▶ What is being asked: The word "Coat" may appear in some lines of the data; copy every such line.

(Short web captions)
++++++++++

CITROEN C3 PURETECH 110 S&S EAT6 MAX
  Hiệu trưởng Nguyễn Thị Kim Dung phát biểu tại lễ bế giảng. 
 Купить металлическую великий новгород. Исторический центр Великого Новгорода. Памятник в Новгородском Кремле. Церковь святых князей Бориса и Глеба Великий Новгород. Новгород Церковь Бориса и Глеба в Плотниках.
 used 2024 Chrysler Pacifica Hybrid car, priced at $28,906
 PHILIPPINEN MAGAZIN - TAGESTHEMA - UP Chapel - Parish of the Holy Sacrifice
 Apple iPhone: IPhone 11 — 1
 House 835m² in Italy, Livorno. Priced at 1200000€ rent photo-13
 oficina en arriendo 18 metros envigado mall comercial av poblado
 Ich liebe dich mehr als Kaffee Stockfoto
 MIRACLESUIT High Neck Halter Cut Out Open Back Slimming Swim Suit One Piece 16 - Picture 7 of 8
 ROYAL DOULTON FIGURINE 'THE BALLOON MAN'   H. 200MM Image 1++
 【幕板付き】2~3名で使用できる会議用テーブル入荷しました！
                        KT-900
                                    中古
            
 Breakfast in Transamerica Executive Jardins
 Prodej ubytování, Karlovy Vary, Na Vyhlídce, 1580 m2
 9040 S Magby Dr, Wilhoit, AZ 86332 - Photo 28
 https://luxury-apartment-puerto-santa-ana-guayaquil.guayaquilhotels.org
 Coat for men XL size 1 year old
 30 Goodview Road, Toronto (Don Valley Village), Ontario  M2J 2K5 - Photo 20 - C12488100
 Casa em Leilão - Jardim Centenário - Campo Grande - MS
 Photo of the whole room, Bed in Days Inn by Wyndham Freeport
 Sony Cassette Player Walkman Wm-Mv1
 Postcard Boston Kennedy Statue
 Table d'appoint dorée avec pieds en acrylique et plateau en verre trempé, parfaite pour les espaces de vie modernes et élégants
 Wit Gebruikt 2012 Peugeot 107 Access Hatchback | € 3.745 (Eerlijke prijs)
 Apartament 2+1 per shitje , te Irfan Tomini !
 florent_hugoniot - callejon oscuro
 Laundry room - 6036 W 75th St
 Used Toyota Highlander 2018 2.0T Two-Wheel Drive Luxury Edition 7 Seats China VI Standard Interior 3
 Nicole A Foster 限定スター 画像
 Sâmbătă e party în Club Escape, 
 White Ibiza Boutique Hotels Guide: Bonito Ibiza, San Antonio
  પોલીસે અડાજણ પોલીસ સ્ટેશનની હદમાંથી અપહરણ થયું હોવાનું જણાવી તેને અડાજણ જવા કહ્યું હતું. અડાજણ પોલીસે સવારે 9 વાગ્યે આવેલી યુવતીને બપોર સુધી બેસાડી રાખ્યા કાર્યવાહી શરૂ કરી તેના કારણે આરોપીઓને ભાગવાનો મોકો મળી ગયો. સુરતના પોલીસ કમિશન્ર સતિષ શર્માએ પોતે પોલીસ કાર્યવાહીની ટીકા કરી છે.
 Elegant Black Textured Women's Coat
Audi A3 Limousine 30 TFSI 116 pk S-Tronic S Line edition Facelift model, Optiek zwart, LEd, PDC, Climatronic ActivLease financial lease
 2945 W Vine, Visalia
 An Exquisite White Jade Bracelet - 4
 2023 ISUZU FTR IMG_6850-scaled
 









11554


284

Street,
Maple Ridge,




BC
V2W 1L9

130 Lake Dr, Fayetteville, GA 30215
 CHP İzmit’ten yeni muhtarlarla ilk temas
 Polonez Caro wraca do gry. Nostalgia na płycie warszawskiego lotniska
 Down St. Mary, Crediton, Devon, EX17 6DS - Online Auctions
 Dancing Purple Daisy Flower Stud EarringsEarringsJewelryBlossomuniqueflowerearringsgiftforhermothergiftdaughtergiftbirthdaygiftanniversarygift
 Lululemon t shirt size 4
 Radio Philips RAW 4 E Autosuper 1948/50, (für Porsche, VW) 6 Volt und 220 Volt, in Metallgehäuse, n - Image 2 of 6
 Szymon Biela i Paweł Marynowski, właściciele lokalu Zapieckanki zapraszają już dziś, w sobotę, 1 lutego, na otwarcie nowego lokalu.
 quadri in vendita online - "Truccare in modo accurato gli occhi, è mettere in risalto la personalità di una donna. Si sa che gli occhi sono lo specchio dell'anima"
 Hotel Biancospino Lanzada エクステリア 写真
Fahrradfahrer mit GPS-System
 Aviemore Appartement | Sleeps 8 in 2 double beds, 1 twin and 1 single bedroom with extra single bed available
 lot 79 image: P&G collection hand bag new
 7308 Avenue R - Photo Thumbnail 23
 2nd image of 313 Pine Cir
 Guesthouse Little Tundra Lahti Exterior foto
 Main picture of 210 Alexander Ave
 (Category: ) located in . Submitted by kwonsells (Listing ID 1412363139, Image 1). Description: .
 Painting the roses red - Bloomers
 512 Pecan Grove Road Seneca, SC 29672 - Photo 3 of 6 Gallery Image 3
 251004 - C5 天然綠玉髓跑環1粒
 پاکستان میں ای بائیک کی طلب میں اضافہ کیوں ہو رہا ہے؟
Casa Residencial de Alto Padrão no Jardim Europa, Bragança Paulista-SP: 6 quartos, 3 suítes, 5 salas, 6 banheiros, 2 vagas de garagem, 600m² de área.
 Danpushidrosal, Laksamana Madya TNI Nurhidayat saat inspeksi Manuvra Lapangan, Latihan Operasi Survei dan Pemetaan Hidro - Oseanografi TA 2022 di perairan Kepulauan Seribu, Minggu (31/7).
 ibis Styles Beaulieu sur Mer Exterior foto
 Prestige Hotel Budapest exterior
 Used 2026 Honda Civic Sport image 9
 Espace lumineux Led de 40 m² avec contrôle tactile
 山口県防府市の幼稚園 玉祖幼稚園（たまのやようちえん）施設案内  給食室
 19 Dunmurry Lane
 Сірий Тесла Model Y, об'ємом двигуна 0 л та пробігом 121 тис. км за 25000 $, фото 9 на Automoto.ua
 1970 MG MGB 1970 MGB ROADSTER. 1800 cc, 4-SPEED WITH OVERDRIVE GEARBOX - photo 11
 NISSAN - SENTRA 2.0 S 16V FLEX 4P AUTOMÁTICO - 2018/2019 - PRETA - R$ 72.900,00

++++++++++

▶ Exercise response:
 Coat for men XL size 1 year old
 Elegant Black Textured Women's Coat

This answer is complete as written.